Date of Award

5-13-2016

Degree Type

Dissertation

Degree Name

Doctor of Philosophy (PhD)

Department

Neuroscience Institute

First Advisor

H. Elliott Albers

Second Advisor

Kim Huhman

Third Advisor

Geert de Vries

Fourth Advisor

Walter Wilczynski

Fifth Advisor

Zuoxin Wang

Abstract

Oxytocin (OT) and arginine vasopressin (AVP) are closely related nine amino acid neuropeptides primarily produced in the hypothalamus and released both in the peripheral and central nervous systems. For over 100 years, OT and AVP have been known for their roles in uterine contraction/milk letdown and blood vessel constriction, respectively. Over the past few decades, the roles of OT and AVP in the central nervous system have been extensively investigated in the regulation of a variety of complex social behaviors including sex, parenting, pair bonding, social play, and aggression.

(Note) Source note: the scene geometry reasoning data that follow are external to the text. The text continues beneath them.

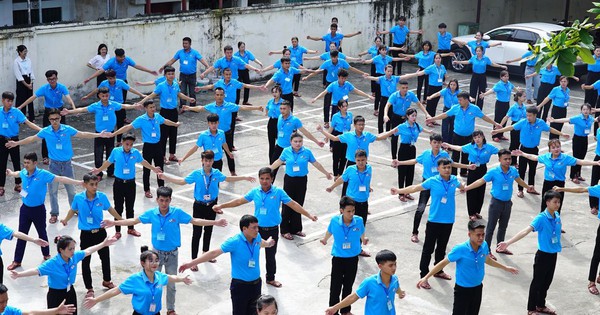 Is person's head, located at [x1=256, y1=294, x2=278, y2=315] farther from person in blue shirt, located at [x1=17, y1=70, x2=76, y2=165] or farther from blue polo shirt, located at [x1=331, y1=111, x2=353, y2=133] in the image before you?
person in blue shirt, located at [x1=17, y1=70, x2=76, y2=165]

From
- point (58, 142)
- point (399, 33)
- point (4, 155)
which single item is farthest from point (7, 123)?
point (399, 33)

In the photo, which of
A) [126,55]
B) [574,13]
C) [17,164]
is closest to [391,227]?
[17,164]

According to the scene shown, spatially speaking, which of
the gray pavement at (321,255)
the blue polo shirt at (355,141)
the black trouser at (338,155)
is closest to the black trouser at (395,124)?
the gray pavement at (321,255)

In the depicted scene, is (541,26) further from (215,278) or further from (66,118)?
(215,278)

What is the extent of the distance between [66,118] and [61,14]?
4980 mm

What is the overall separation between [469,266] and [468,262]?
51 mm

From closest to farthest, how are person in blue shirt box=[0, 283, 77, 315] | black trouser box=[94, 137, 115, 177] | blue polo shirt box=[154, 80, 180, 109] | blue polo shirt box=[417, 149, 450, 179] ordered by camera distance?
1. person in blue shirt box=[0, 283, 77, 315]
2. blue polo shirt box=[417, 149, 450, 179]
3. black trouser box=[94, 137, 115, 177]
4. blue polo shirt box=[154, 80, 180, 109]

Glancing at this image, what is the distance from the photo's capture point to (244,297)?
975cm

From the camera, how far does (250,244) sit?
9.70 m

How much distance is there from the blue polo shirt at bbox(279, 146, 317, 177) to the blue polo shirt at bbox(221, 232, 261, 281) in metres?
3.69

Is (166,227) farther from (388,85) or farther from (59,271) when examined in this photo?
(388,85)

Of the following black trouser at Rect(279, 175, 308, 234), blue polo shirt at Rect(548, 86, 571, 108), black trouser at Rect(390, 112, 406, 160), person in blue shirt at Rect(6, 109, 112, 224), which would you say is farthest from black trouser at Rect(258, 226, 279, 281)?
blue polo shirt at Rect(548, 86, 571, 108)

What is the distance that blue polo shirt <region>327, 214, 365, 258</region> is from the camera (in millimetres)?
10375

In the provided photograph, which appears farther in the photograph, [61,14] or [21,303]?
[61,14] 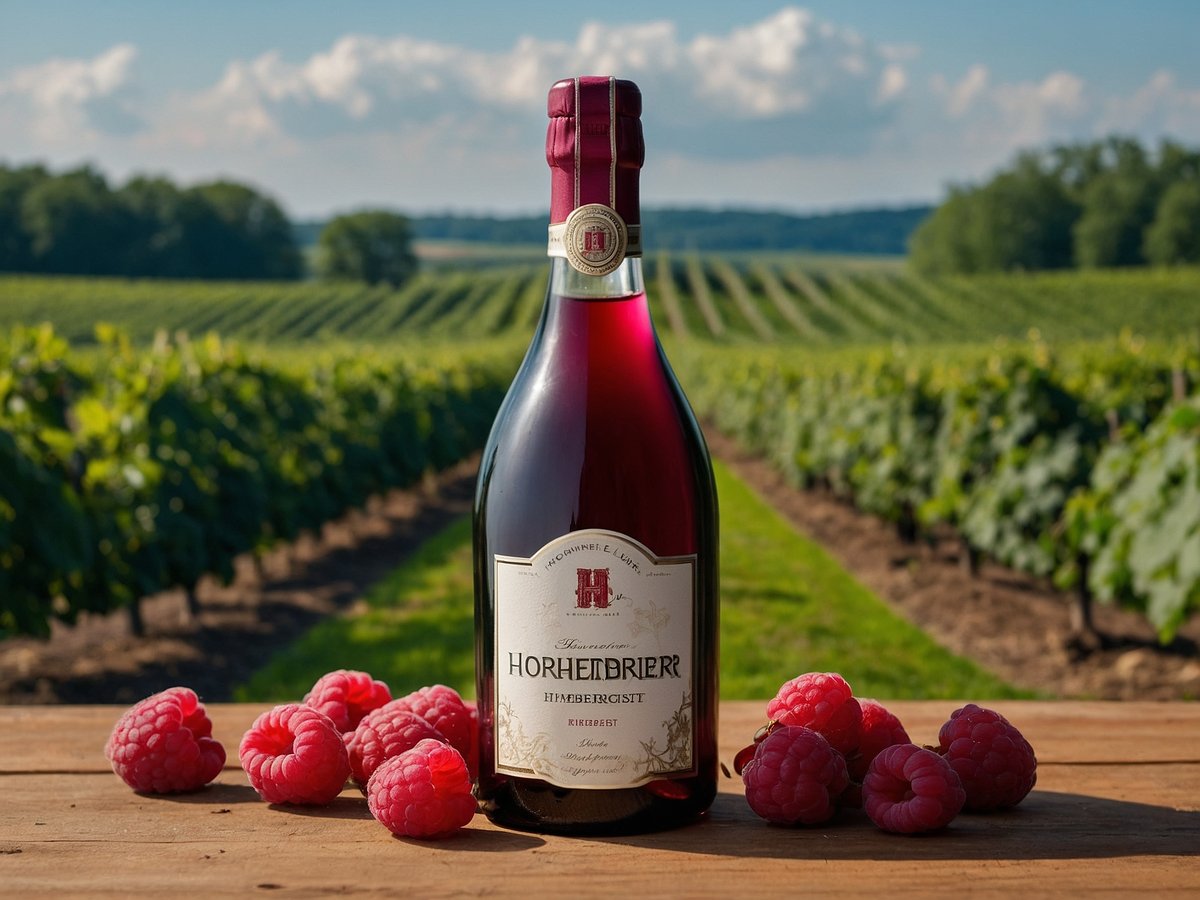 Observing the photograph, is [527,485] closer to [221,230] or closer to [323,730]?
[323,730]

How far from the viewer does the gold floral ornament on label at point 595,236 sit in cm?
154

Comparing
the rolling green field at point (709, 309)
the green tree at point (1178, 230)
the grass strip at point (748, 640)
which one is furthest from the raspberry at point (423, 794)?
the green tree at point (1178, 230)

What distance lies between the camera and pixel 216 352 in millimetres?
10680

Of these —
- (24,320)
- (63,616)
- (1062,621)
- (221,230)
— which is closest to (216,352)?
(63,616)

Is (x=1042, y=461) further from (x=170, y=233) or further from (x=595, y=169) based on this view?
(x=170, y=233)

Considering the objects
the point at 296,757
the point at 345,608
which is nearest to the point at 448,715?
the point at 296,757

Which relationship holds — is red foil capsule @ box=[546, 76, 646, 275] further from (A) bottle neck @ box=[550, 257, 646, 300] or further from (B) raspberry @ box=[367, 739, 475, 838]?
(B) raspberry @ box=[367, 739, 475, 838]

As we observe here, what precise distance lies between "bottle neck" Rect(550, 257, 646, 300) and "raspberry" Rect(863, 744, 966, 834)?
650 millimetres

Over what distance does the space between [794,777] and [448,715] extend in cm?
50

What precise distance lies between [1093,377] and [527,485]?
424 inches

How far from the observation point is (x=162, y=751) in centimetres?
168

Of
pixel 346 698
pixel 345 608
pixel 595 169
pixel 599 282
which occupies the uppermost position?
pixel 595 169

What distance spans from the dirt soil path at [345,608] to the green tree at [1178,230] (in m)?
81.9

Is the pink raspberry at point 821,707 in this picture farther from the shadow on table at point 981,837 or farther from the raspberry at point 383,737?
the raspberry at point 383,737
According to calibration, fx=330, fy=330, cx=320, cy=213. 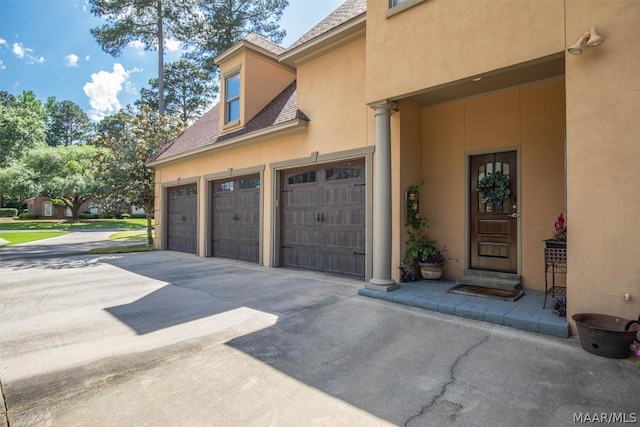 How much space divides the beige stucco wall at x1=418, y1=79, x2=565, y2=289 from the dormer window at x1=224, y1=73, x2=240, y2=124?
18.7ft

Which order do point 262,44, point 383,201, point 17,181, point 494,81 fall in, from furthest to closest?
point 17,181 < point 262,44 < point 383,201 < point 494,81

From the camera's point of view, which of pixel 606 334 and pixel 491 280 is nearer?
pixel 606 334

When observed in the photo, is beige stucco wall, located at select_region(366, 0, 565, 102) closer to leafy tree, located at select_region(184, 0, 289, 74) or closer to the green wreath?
the green wreath

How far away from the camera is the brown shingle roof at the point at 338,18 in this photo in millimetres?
6493

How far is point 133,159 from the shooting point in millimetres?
12828

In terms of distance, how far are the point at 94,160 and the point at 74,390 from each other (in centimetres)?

High levels of structural similarities exist between OT and AVP and between the OT and AVP1a receptor. Interestingly, there is little data on whether cross-talk between the OT and AVP systems occurs in the central nervous system. Therefore, the goal of this dissertation is to examine cross-activation of OT receptors by AVP and of AVP1a receptors by OT, and the functional significance of this cross-talk in the regulation of social behavior. Three specific aims are addressed using Syrian hamsters as animal models: Aim 1 was to test the hypothesis that central OT enhances social communicative behavior by acting on V1aRs; Aim 2 was to test the hypothesis that central OT and AVP prolong social recognition via activation of the same receptor, OTRs or V1aRs. Aim 3 was to test the hypothesis that AVP in the ventral tegmental area (VTA) enhances social reward via activation of OTRs. Our data showed intraccerebroventricular (ICV) injections of OT or AVP act on V1aRs to induce social communication; ICV injections of OT and AVP act on OTRs to prolong social recognition; OT and AVP in the VTA act on OTRs and not V1aRs to enhance social reward. These results demonstrate the ability of OT and AVP to facilitate three essential aspects of a social interaction: communication, recognition, and reward. Our findings also strongly suggest OT and AVP act on both OTRs and V1aRs to influence social behavior but that OTRs regulate some social behaviors while V1aRs regulate other social behaviors.